The first network can be the Internet. The second network can be a
local area network (LAN), or alternatively, it can be the Internet.
The first node can include the realm identifier in an Internet
Protocol (IP) header of the packet, which can be a transmission
control protocol/Internet protocol (TCP/IP) SYN packet for
initiating a network connection. The first node can be adapted to
encrypt data identifying the first node and a user of the first
node using a key; include the encrypted data in at least one field
of the header of the packet; and include the index identifying the
key in an additional field of the packet header. The first node can
be adapted to include data identifying the first node and the user
of the first node in the sequence number and acknowledgement number
fields of a transmission control protocol (TCP) portion of the
header of the packet. The first node can be adapted to include the
index in the urgent pointer field of the TCP portion of the packet
header. The first node can be adapted to append the index to the
data identifying the user of the first node before encrypting the
data. The first node can be adapted to generate the packet
transmitted to the second node. The resource can include either
one, or both, of data and a program.
[0015] A medium according to a tenth embodiment of the invention
stores a computer program that when executed by a first node causes
the first node to perform the step of including a realm identifier
identifying a security realm of the first node into a header of a
packet requesting access to a resource.
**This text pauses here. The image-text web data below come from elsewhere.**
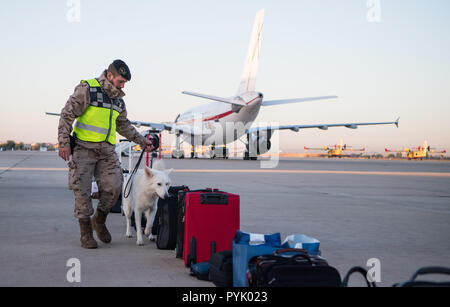 Madrid, Espagne. 25 octobre, 2018. Un chien de détection d'explosifs menée le long de l'assurance de la délégation de la Président allemand par un soldat à l'aéroport militaire Torrejón-Madrid. Président M. Steinmeier et son épouse sont sur une visite de deux jours en Espagne. Crédit : Bernd von Jutrczenka/dpa/Alamy Live News Banque D'Images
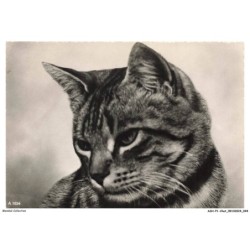 ASHP1-0023-CHAT - PORTRAIT D'UN CHAT AU MULTIPLE COULEURS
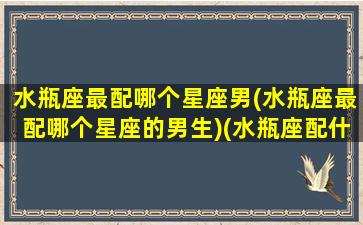 水瓶座最配哪个星座男(水瓶座最配哪个星座的男生)(水瓶座配什么星座的男生最合适)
The first node can further
execute the computer program to perform the following additional
step of transmitting the packet including the realm identifier from
the first node to a second node hosting the resource via a network,
which can be the Internet. The first node can further execute the
computer program to include the realm identifier in an Internet
protocol (IP) header of the packet, or more specifically, a
transmission control protocol/Internet protocol (TCP/IP) SYN packet
for initiating a network connection. The first node can execute the
computer program to perform the additional steps of encrypting data
identifying the first node and a user of the first node using a
key; including the encrypted data in at least one field of the
header of the packet; and including an index identifying the key in
an additional field of the packet header. The first node can
execute the computer program to include the data identifying the
first node and the user of the first node in the sequence number
and acknowledgement number fields of a transmission control
protocol (TCP) portion of the header of the packet. The index can
be included in the urgent pointer field of the TCP portion of the
header of the packet. The first node can execute the computer
program to perform the following additional function of appending
the index to the data identifying the user of the first node before
encrypting the data. The first node can execute the computer
program to perform the additional function of generating the packet
at the first node. The resource can include either one, or both, of
data and a program.
[0016] A medium according to an eleventh embodiment of the
invention stores a program that when executed by a first node
causes the first node to perform the steps of receiving a request
to access a resource from an application running on the first node;
retrieving a realm identifier of the first node; including the
realm identifier in a header of a packet; and releasing the packet
for transmission to a second node enforcing security policy for
access to the resource. The resource can comprise data or a
program, or both. The first node can be implemented as a computer.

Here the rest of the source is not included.